The 1901 census shows Harrison and his family living in Wallasey and his profession as a clerk at a steamship office. By 1911 he is then described as a private secretary to J. Bruce Ismay.
Harrison accompanied Ismay on the RMS Titanic. He occupied cabin B94 and held ticket number 112059.
Details on his movements during the disaster are unclear although around 12.20am Bedroom Steward Henry Etches was working down the cabins and staterooms to move the passengers onto the boat deck. He was about to enter the cabin of William Ernest Carter and family when he reported that Harrison, whose cabin was adjoining Carter's, informed him that the family had already left.
He died in the disaster and his body was later recovered by the Mackay-Bennett. He was buried at the Fairview Cemetery, Halifax, Nova Scotia.
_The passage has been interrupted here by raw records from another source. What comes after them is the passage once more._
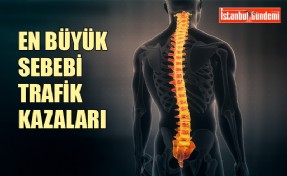 BUGÜN DÜNYA OMURİLİK FELÇLİLERİ GÜNÜ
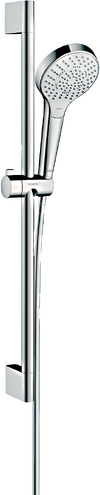 Shower set Multi EcoSmart 9 l/min with shower bar 65 cm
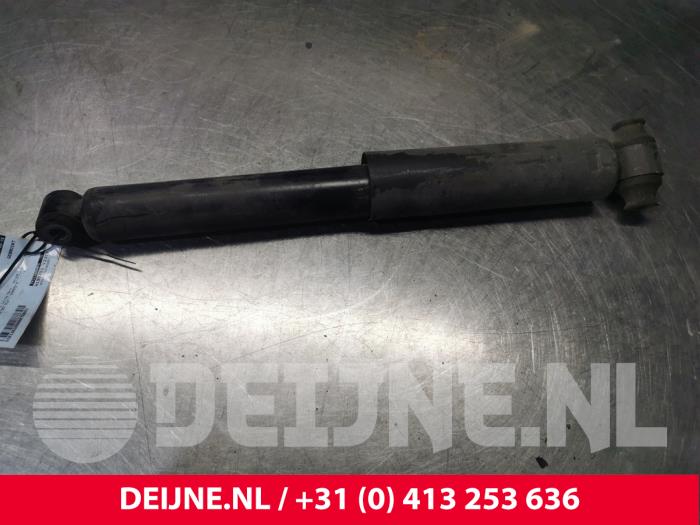 Ford Transit Schokdemper rechts-achter O70841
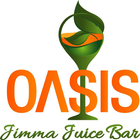 ikon Oasis Jimma Juice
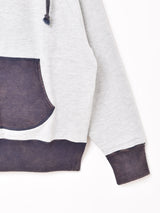 【3色展開】Backers スウェットパーカー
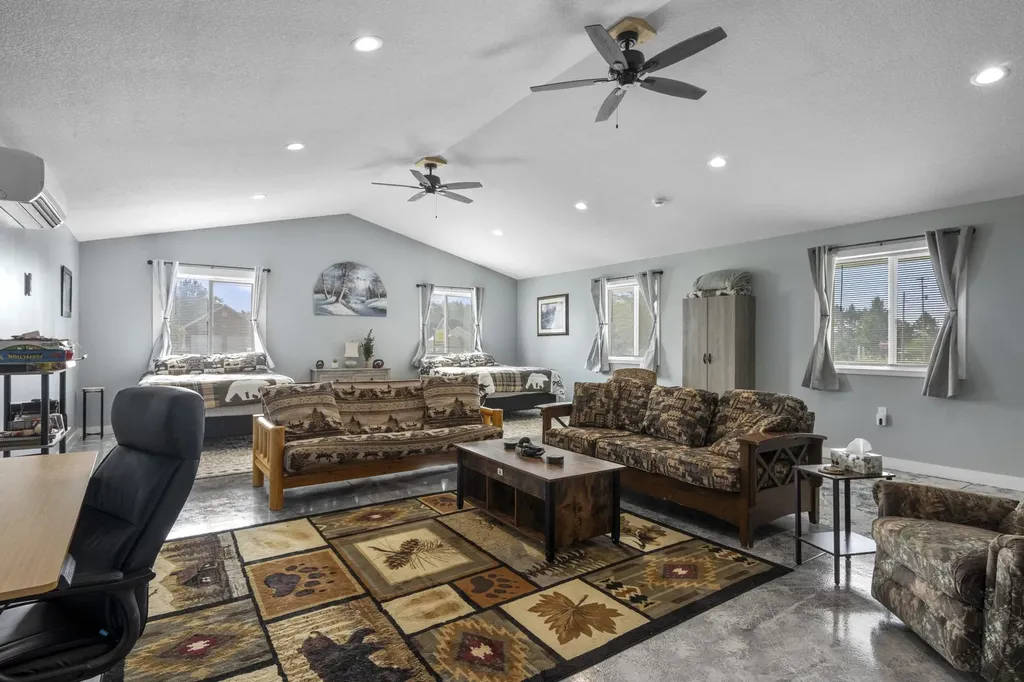 107 Purdy Drive Wexford Township MI 49620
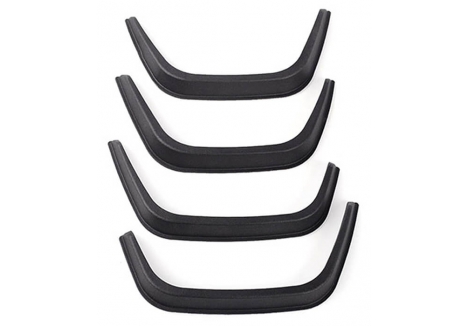 RC4WD Fender Flares 1/10 Axial SCX10 III Early Ford Bronco VVV-C1286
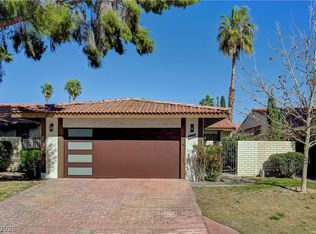 3420 Calle De Corrida, Las Vegas, NV 89102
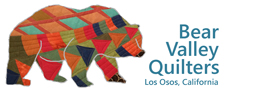 Bear Valley Quilters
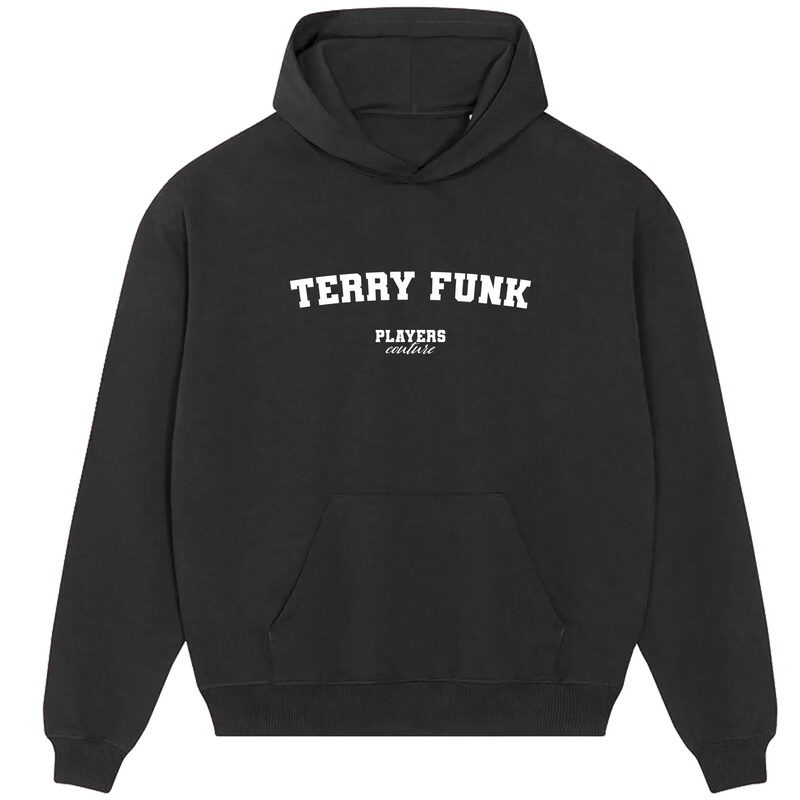 Terry Funk Men's Hoodie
His estate was worth £840, 11s, 6d and administered to his widow. She never remarried and settled in London, dying in Pinner, Middlesex in 1948.
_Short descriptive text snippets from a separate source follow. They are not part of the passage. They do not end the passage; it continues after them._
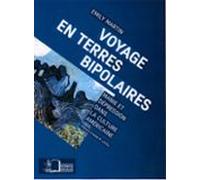Voyage En Terres Bipolaires (ebook)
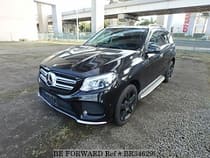 Used 2015 MERCEDES-BENZ GLE-CLASS BR346299 for Sale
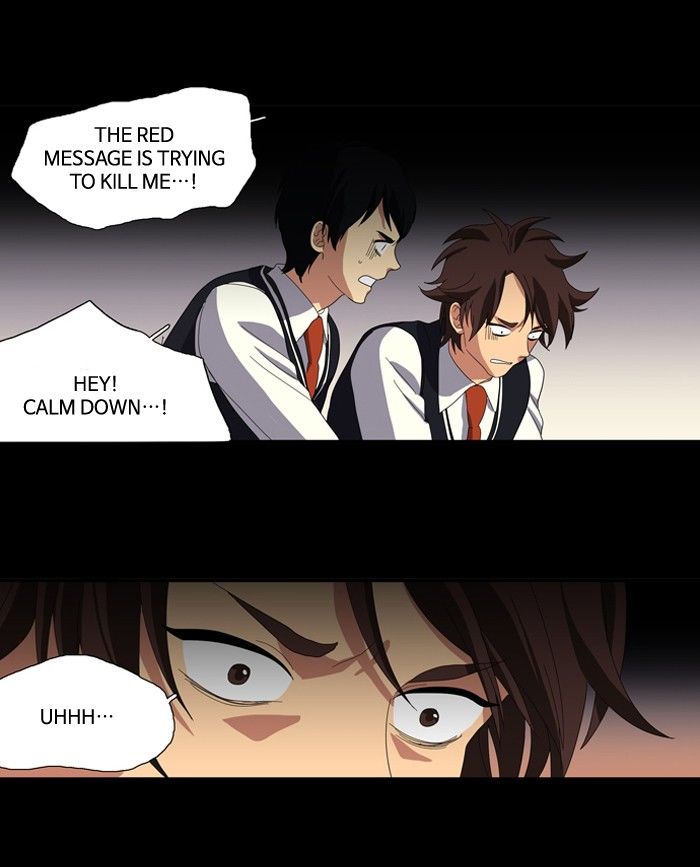 Supernatural Investigation Department Chapter 104 page 7 - Chapter 104
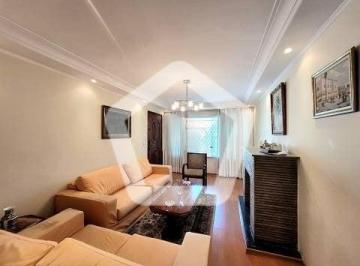 Casa · 130m² · 3 Quartos · 3 Vagas · Casa em Mirandópolis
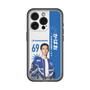 スリムプロテクションプレミアムケース［ D.LEAGUE - avex ROYALBRATS - かばお ］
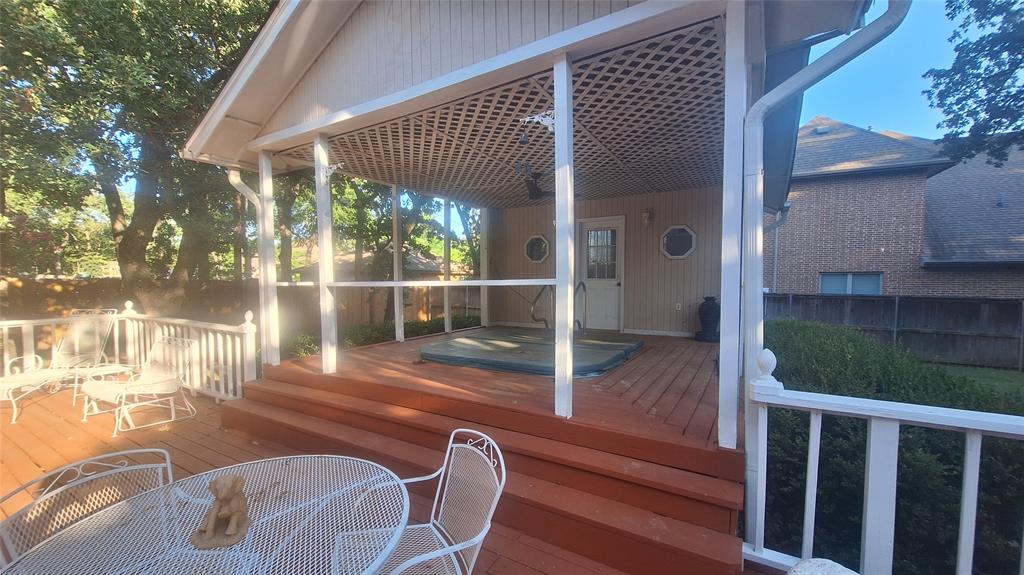 Oaks The Colleyville - Residential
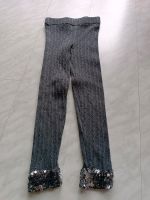 Strickleggings Gr. 122 Baden-Württemberg - Burgrieden Vorschau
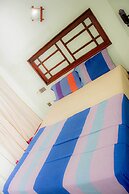 Yala River Moonlight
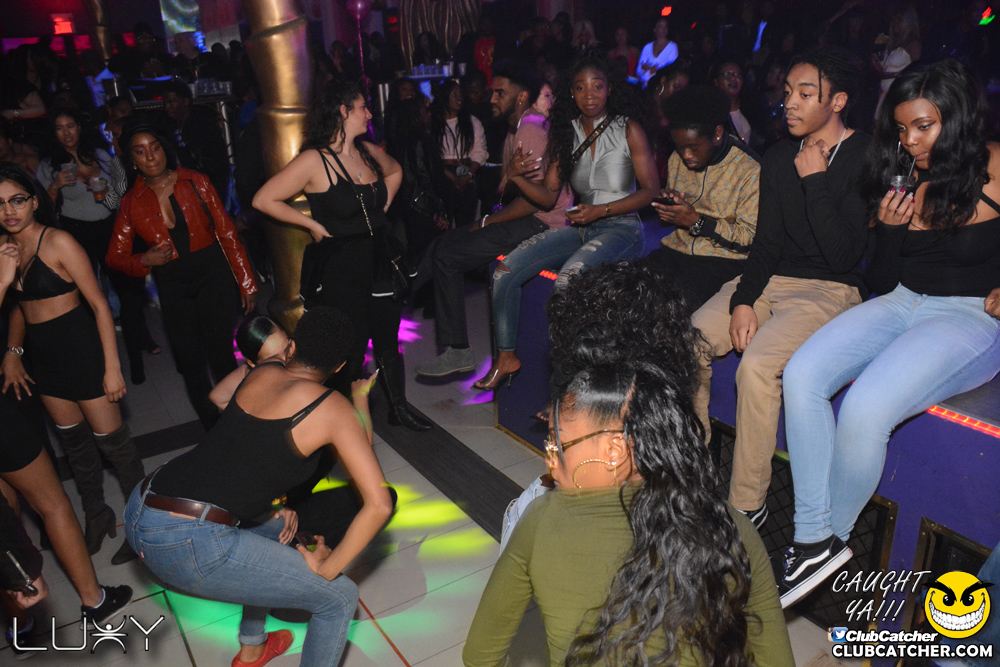 Luxy nightclub photo 264 - November 23rd, 2018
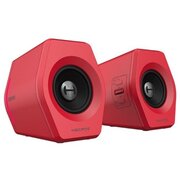 Колонки Edifier G2000 Red 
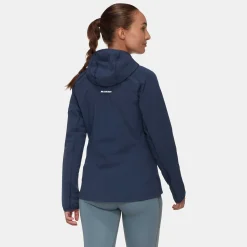 Madris Light ML Hooded Jacket Women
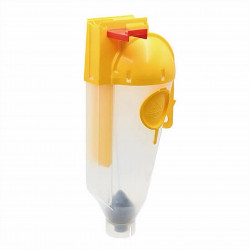 Distributeur de nourriture de fin de ligne mod. Five 7L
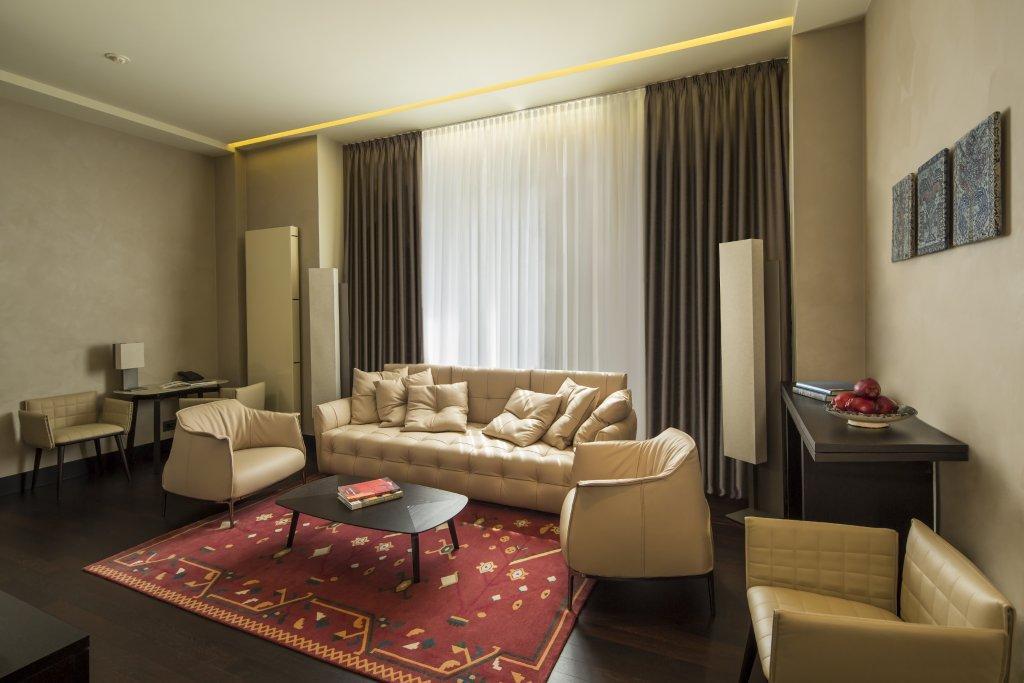 Berds Mgallery Collection 5*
When his body was recovered, his personal effects were recorded as follows:
NO.110 - MALE - ESTIMATED AGE, 40 - HAIR AND MOUSTACHE, FAIR
CLOTHING ? Green overcoat; dark suit; white shirt, blue stripe; purple socks.
EFFECTS ? fountain pen; cigarette holder; three memo books; pair cuff links; gold stud; bill book; pipe; keys; silver knife; £10 in gold; £1.18s.8d in bag; and £10 in notes.
FIRST CLASS - NAME - W.H.HARRISON
It is these personal effects that have recently come to light, as a direct descendent has prepared the papers for auction. These papers included a four page letter from Harrison to his wife.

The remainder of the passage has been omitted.